当院の方法では移植毛の損失はほぼ0%であり、高い生存率が期待できます。
デメリット
- 縫合技術により目立たないキズとなりますが、最良の結果となるためにドナーの術後管理が必要です。
- 熟練した医師やスタッフの高い技術と双方の連携が求められるため、確実なFUT植毛術は限られた医療施設でしか実際には行えない。
- 100%の生存率を想定する場合は、大きく作成された移植グラフトを使用する必要が生じ、移植密度を多少下げなければならない。手技的にも高難度になってしまう。
FUT 施術の流れ
- 1.ドナーの採取
- 後頭部や側頭部の毛包を採取(ドナー採取)します。拡大鏡を使用しながら、1つ1つの毛包の間を丁寧にメスを進めて採取します。したがって、毛包のダメージを最小に抑えることができます。後頭部のドナーを採取した部分は、独自の方法で丁寧に縫合されます。縫合後は周囲の頭髪を被せると目立ちません。
- 2.株分け
- 採取したドナーは、顕微鏡下で、毛包単位の小さな”グラフト”に切り分けます。一本一本の毛根の向きが異なるので、毛包を傷めないように手作業で慎重に切り分ける必要があります。
- 3.グラフトの移植
- 毛包のダメージが起こらないように丁寧に移植されます。
2. Combo(コンボ植毛術)
FUEとFUSSの併用・同時植毛術 - “Combo植毛術” -
Combo hair transplant(コンボ植毛術)とは、FUEとFUTを同時に併用する技術のことです。Combined FUE+FUT/FUSS hair transplantと呼称されます。
この方法は、脱毛の治療面積が大きく、一度に3000グラフト程度の大量のグラフトを移植したい場合に用いられる技術です。

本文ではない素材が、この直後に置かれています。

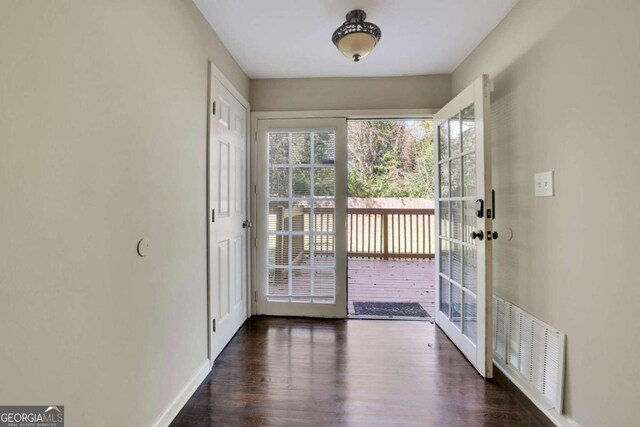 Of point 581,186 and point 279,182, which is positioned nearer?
point 581,186

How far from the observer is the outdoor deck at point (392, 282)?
3.43m

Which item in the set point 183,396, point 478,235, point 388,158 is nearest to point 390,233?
point 388,158

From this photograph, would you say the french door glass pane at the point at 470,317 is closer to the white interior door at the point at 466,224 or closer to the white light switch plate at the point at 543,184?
the white interior door at the point at 466,224

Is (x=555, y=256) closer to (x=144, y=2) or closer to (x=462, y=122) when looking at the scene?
(x=462, y=122)

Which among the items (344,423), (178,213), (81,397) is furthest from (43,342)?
(344,423)

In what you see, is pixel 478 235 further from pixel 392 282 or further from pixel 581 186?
pixel 392 282

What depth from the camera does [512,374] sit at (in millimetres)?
1786

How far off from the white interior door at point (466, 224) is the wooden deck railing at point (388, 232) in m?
2.79

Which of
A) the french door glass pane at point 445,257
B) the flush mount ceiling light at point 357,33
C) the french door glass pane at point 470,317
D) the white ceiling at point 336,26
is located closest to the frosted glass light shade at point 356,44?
the flush mount ceiling light at point 357,33

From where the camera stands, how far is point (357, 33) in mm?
1796

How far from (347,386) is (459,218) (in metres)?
1.40

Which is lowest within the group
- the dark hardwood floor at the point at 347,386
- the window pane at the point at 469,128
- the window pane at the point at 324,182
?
the dark hardwood floor at the point at 347,386

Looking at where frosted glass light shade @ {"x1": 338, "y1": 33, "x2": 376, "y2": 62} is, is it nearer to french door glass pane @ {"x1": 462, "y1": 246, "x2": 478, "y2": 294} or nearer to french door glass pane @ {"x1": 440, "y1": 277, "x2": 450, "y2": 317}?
french door glass pane @ {"x1": 462, "y1": 246, "x2": 478, "y2": 294}

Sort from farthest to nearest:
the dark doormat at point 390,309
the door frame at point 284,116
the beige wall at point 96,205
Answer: the dark doormat at point 390,309
the door frame at point 284,116
the beige wall at point 96,205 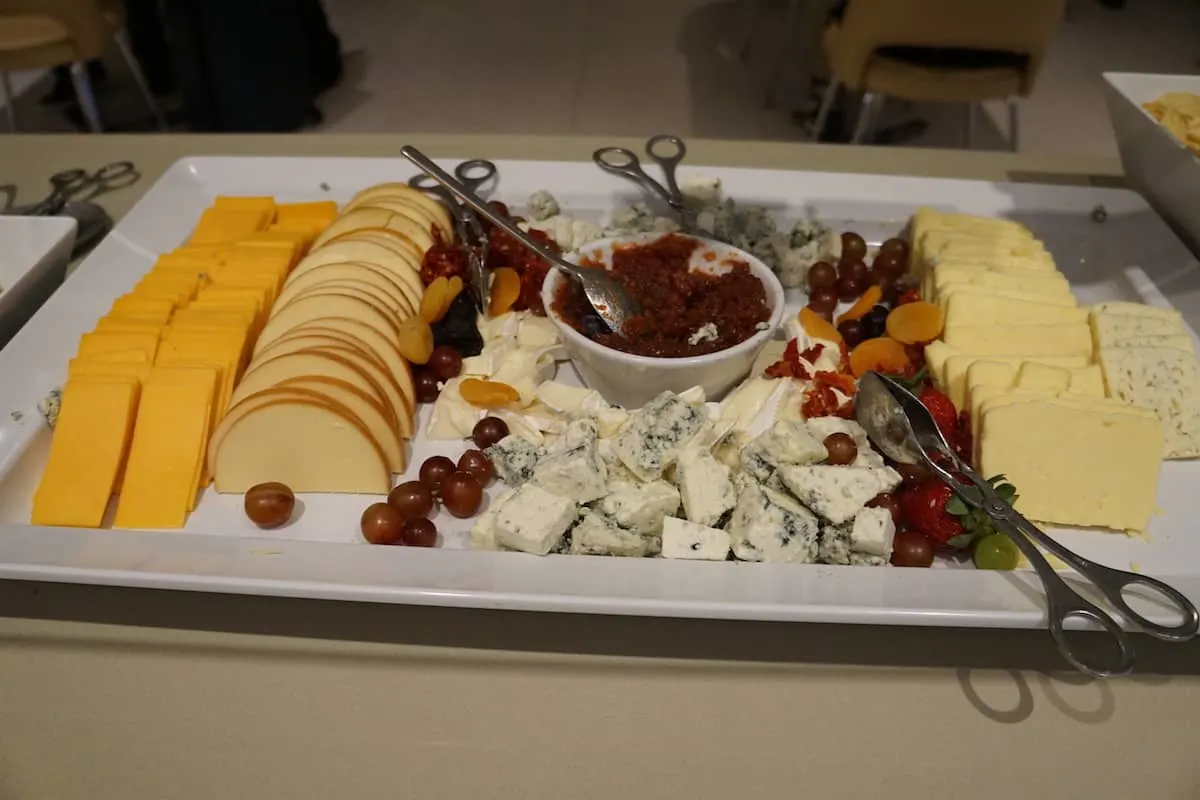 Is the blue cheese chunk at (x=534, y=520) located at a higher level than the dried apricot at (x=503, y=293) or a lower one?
higher

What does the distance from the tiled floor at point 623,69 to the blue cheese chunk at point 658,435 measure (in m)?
3.43

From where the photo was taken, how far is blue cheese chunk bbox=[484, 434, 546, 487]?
1.44 meters

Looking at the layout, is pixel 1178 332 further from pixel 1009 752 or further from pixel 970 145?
pixel 970 145

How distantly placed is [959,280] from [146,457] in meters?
1.59

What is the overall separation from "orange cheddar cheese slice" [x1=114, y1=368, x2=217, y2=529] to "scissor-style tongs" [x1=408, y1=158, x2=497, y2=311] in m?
0.58

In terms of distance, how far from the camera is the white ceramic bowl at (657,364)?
1.52m

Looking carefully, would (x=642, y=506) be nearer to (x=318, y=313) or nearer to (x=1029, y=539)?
(x=1029, y=539)

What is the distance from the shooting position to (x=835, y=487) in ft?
4.23

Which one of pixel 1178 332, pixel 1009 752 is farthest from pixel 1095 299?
pixel 1009 752

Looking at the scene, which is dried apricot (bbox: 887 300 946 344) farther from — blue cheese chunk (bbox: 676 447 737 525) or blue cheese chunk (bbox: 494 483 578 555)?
blue cheese chunk (bbox: 494 483 578 555)

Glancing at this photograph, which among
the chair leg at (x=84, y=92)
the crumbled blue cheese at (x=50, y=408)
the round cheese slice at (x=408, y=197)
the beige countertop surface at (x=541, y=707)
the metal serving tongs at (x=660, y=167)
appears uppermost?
the metal serving tongs at (x=660, y=167)

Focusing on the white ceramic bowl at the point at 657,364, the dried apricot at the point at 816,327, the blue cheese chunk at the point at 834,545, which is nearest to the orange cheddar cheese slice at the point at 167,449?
the white ceramic bowl at the point at 657,364

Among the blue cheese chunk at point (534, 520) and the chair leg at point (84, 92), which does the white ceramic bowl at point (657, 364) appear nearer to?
the blue cheese chunk at point (534, 520)

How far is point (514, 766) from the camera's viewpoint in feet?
3.52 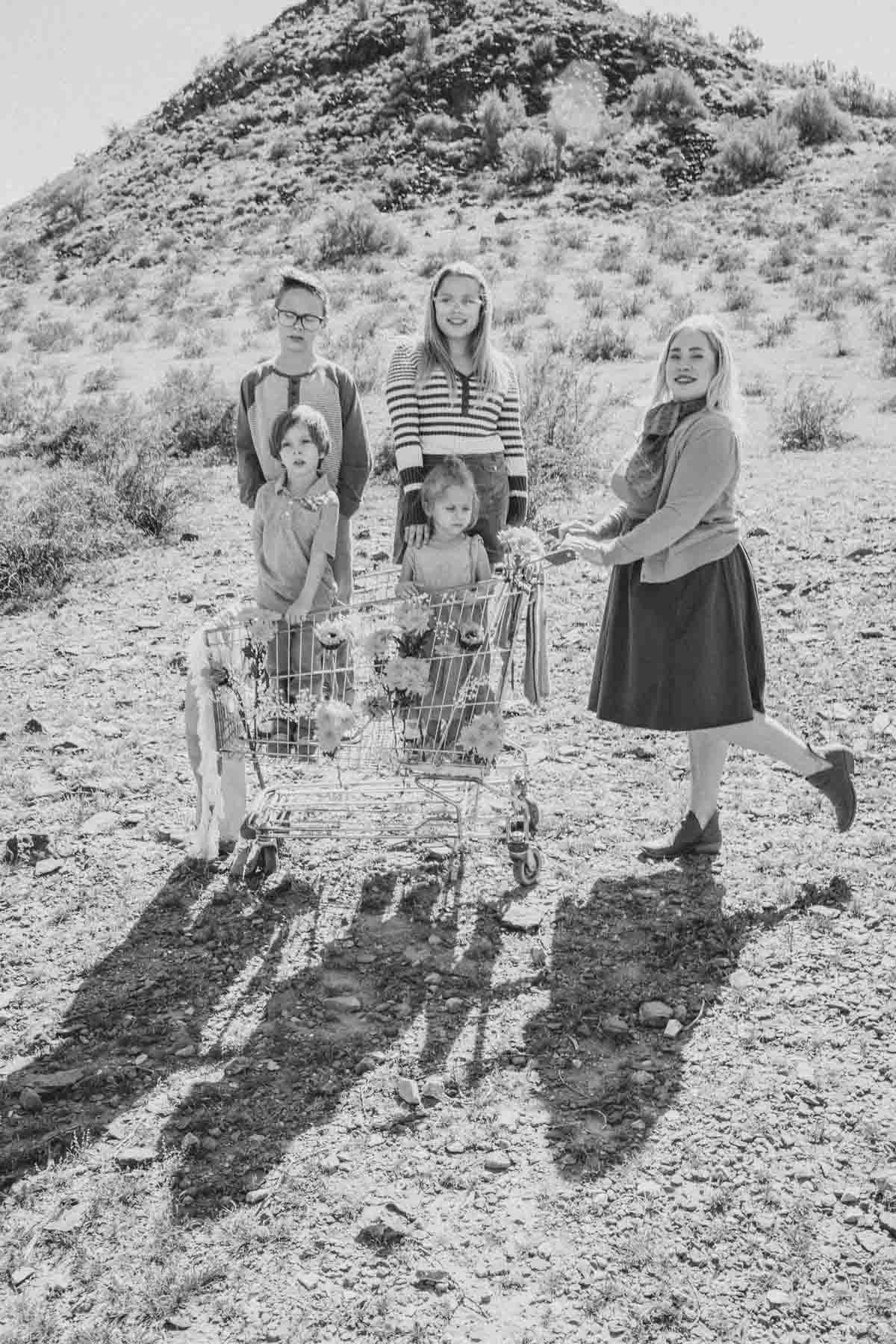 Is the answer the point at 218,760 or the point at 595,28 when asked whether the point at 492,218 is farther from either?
the point at 218,760

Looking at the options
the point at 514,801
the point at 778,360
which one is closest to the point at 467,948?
the point at 514,801

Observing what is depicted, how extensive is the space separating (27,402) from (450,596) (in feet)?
39.5

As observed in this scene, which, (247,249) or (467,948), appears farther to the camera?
(247,249)

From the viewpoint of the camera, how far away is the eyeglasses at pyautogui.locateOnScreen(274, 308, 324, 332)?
15.0ft

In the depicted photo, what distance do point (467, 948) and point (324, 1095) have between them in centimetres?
89

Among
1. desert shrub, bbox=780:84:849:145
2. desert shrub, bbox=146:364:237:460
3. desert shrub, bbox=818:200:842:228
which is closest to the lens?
Answer: desert shrub, bbox=146:364:237:460

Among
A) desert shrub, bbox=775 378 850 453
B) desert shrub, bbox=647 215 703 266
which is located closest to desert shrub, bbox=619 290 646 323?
desert shrub, bbox=647 215 703 266

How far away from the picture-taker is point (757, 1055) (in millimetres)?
3389

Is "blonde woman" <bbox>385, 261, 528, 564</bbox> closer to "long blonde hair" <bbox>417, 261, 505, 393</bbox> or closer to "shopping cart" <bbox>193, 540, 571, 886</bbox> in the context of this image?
"long blonde hair" <bbox>417, 261, 505, 393</bbox>

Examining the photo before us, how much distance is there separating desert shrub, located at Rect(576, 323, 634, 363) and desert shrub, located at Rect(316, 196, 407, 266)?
444 inches

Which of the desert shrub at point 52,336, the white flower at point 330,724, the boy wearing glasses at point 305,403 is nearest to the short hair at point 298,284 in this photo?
the boy wearing glasses at point 305,403

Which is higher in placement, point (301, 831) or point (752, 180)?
point (752, 180)

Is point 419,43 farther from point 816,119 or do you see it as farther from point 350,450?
point 350,450

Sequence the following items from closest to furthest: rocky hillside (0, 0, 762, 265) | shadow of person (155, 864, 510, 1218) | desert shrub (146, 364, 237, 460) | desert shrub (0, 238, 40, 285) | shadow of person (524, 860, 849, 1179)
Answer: shadow of person (155, 864, 510, 1218), shadow of person (524, 860, 849, 1179), desert shrub (146, 364, 237, 460), desert shrub (0, 238, 40, 285), rocky hillside (0, 0, 762, 265)
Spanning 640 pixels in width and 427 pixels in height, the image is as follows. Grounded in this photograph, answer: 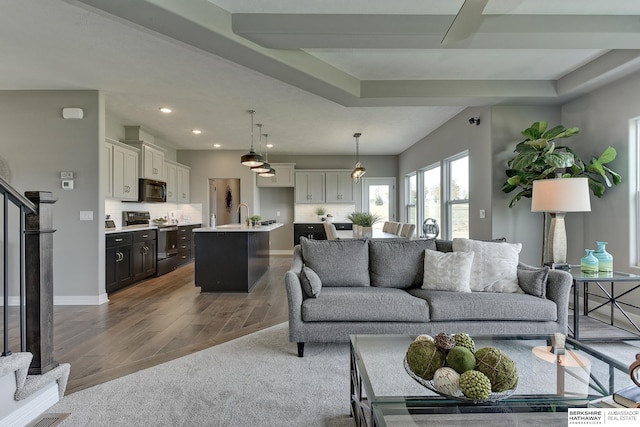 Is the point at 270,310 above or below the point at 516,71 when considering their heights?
below

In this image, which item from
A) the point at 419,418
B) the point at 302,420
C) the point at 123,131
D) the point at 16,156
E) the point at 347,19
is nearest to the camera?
the point at 419,418

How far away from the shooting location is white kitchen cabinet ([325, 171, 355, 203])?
8.49 m

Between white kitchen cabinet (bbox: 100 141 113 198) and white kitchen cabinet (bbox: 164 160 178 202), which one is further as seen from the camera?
white kitchen cabinet (bbox: 164 160 178 202)

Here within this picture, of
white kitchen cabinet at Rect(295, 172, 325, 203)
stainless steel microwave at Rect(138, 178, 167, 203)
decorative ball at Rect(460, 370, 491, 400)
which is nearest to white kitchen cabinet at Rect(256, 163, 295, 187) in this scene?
white kitchen cabinet at Rect(295, 172, 325, 203)

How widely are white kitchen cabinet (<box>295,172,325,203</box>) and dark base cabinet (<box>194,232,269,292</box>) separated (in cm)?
384

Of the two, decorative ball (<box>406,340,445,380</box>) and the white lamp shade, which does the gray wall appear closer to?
decorative ball (<box>406,340,445,380</box>)

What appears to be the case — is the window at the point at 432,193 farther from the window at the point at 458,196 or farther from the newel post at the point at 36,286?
the newel post at the point at 36,286

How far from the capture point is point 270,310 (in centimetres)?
383

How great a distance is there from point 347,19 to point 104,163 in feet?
12.1

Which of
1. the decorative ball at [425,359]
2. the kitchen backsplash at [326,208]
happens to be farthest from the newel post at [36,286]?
the kitchen backsplash at [326,208]

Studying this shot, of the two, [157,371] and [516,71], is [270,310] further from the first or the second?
[516,71]

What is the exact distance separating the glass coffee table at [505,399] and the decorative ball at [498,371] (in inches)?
3.3

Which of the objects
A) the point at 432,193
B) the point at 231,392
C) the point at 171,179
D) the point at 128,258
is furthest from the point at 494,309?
the point at 171,179

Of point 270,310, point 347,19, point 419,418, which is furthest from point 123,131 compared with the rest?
Result: point 419,418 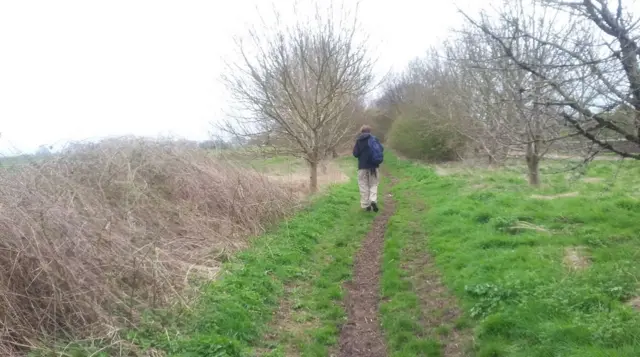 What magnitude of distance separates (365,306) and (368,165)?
20.0 ft

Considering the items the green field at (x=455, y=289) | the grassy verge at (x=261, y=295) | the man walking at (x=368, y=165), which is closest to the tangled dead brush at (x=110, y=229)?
the grassy verge at (x=261, y=295)

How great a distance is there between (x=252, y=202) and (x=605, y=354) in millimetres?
7640

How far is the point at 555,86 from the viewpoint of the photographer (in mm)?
4793

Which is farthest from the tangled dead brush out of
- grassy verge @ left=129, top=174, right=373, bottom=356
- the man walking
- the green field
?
the man walking

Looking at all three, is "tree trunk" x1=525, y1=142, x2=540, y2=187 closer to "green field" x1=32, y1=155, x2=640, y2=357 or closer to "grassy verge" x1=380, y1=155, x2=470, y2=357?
"green field" x1=32, y1=155, x2=640, y2=357

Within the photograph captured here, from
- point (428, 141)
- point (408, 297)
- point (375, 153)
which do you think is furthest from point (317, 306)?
point (428, 141)

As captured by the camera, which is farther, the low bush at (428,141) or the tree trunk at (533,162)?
the low bush at (428,141)

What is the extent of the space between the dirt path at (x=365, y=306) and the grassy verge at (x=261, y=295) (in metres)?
0.16

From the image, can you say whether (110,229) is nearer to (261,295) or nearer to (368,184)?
(261,295)

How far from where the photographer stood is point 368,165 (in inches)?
456

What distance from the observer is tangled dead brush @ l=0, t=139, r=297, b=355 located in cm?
438

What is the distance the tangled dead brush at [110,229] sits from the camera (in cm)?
438

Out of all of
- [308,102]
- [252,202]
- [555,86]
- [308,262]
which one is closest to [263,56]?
[308,102]

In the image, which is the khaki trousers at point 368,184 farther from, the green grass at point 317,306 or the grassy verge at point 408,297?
the green grass at point 317,306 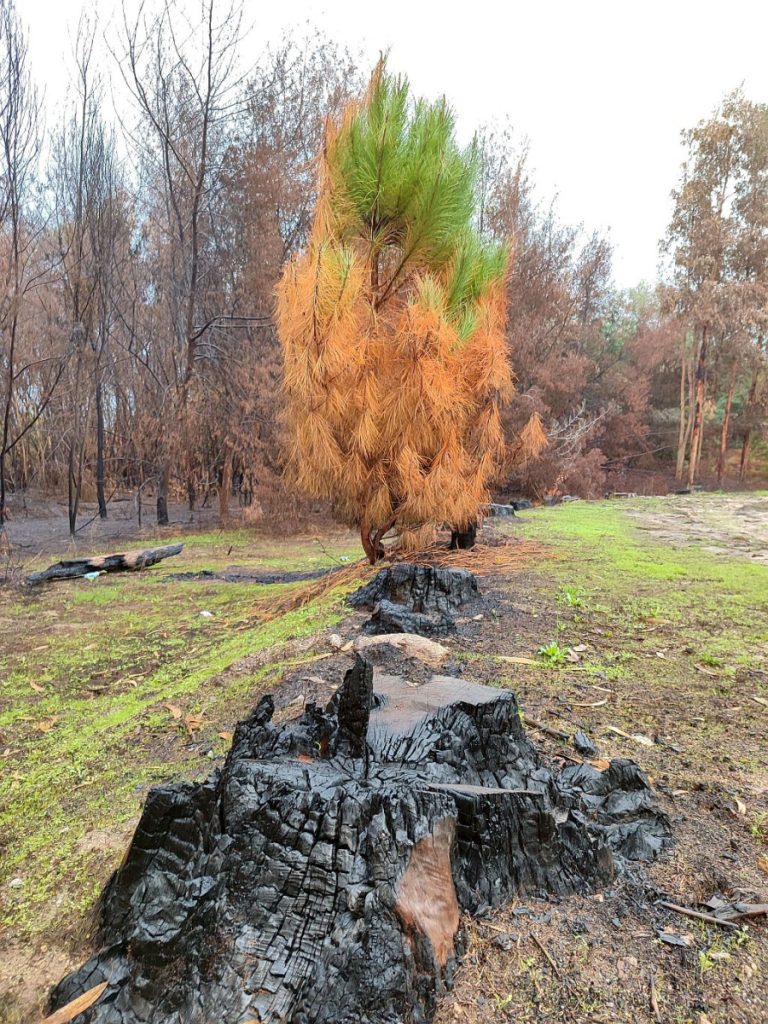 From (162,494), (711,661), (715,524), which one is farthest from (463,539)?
(162,494)

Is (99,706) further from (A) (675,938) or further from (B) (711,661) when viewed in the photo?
(B) (711,661)

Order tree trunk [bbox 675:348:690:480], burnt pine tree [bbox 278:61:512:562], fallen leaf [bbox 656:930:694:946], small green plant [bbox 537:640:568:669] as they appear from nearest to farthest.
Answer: fallen leaf [bbox 656:930:694:946] → small green plant [bbox 537:640:568:669] → burnt pine tree [bbox 278:61:512:562] → tree trunk [bbox 675:348:690:480]

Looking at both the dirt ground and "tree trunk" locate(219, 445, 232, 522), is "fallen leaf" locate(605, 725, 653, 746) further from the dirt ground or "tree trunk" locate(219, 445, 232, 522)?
"tree trunk" locate(219, 445, 232, 522)

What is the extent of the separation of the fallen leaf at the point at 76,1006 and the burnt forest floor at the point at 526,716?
6.7 inches

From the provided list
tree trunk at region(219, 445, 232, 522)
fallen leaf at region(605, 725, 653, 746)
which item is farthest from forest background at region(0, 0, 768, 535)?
fallen leaf at region(605, 725, 653, 746)

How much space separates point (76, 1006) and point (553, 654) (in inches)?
87.7

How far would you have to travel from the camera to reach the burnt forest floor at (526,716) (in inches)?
45.5

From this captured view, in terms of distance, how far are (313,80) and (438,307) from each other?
10845 mm

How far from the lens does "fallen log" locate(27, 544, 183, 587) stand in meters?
6.95

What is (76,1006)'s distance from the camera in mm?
1083

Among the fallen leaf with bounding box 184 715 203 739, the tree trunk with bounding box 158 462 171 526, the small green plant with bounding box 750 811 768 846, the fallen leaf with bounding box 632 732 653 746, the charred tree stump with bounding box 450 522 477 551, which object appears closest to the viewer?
the small green plant with bounding box 750 811 768 846

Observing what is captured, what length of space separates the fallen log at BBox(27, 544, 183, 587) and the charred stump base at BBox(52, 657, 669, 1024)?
6354 mm

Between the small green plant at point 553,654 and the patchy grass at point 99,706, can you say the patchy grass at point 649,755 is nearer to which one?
the small green plant at point 553,654

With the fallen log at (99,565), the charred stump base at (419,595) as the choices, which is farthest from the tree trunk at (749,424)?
the charred stump base at (419,595) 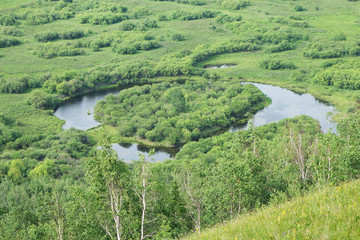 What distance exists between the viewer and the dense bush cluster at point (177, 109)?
80.1 m

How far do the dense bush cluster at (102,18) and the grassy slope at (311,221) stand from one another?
15844 cm

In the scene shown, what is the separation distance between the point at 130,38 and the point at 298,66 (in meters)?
62.8

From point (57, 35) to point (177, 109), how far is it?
83414mm

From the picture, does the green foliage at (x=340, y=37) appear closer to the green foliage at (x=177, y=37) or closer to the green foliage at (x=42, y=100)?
the green foliage at (x=177, y=37)

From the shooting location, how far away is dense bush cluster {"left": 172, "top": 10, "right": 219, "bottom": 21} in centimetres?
16396

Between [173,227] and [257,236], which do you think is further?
[173,227]

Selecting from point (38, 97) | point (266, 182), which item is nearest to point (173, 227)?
point (266, 182)

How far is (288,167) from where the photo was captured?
2944cm

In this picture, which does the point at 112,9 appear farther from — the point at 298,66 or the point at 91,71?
the point at 298,66

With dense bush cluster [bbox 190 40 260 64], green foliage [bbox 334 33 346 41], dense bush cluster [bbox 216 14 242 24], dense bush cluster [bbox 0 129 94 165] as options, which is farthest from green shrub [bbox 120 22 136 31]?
dense bush cluster [bbox 0 129 94 165]

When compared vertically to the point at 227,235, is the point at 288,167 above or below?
below

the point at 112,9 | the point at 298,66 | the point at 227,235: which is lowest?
the point at 298,66

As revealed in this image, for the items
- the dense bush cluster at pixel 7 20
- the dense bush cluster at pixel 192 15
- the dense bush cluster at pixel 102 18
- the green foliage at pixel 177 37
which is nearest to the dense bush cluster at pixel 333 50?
the green foliage at pixel 177 37

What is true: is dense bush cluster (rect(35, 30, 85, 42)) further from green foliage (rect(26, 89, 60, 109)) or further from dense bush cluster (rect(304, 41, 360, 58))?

大量移植の場合、大量のグラフトを後頭部から採取する必要がありますが、その場合、FUTであまりにも大きなドナー組織を塊で採取(図を参考にしてください)してしまうと、縫合後の線状のキズが開いてしまうリスクがあり、キズが目立ってしまいます。そこで、採取するドナー組織の塊を最小限に制限して、足りないグラフトをFUEで採取するのです。
また、FUEでの良し悪しは1回行ってみないとわからないので、安全なグラフト数だけFUEで採取し、足りないグラフト数はFUT/FUSSで補うことができます。
Combo植毛術のメリット
- 大量移植の場合、安全に大量の移植グラフトを採取できる。
- FUEでグラフト損失が多い場合、FUTに術式変更することによって、グラフトの損失を最小限にとどめることができる。
- 大量移植の場合、安全に大量の移植グラフトを採取できる。
- 将来退化しにくい毛髪を選択して一度に移植することができる。
Combo植毛術のデメリット
- 通常のFUEやFUTの単独治療と比較して、手術時間がかかります。
- FUEのみを希望する方には許容されない。
- 技術的に難易度が高いばかりでなく、多くのスタッフが必要である。
- FUEでグラフト損失が多くなる場合には適応しにくい。